Lil man is snoring in his bouncy chair under one of his sister’s throw blankets. His chubby cheecks looking chubbier with the way his head is laying. He is so beautiful. Mini is asleep on the copy of Charlotte’s Web that my autistic brother got her when she was born. The twinkle lights that are wrapped around her headboard is making her glow different colors and she’s so beautiful. J is asleep next to me with his phone in his hand, a game still playing it’s incessant music… And I want to learn over and kiss him, kiss every freckle on his shoulders, just touch his skin… He’s beautiful. My loves are so beautiful and fill my heart with so much happiness and love, I wish I could do better for them, it sucks so much that I’m going to be staying in a small basement room with everyone now… But it’s only a couple of months… We have to find something better for us, I’m hoping that this door that’s been slammed in my face opens to something much better for my future.

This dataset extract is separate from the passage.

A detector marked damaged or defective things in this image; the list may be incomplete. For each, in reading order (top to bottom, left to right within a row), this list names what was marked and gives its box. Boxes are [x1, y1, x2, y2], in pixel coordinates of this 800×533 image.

For now that’s what I’ll work on… And continue to live.
I'm not the same girl I was when I started this tumblr 4 years ago. I've gone through a lot of shit, but I think I like myself more. I'm more honest now, and even though I'm still going through shit, I think I'm stronger than I ever was before.
Still loving my kids, still loving my cats and my dog, still loving my younger boyfriend. Still all for equal rights, feminist, and still broke as hell.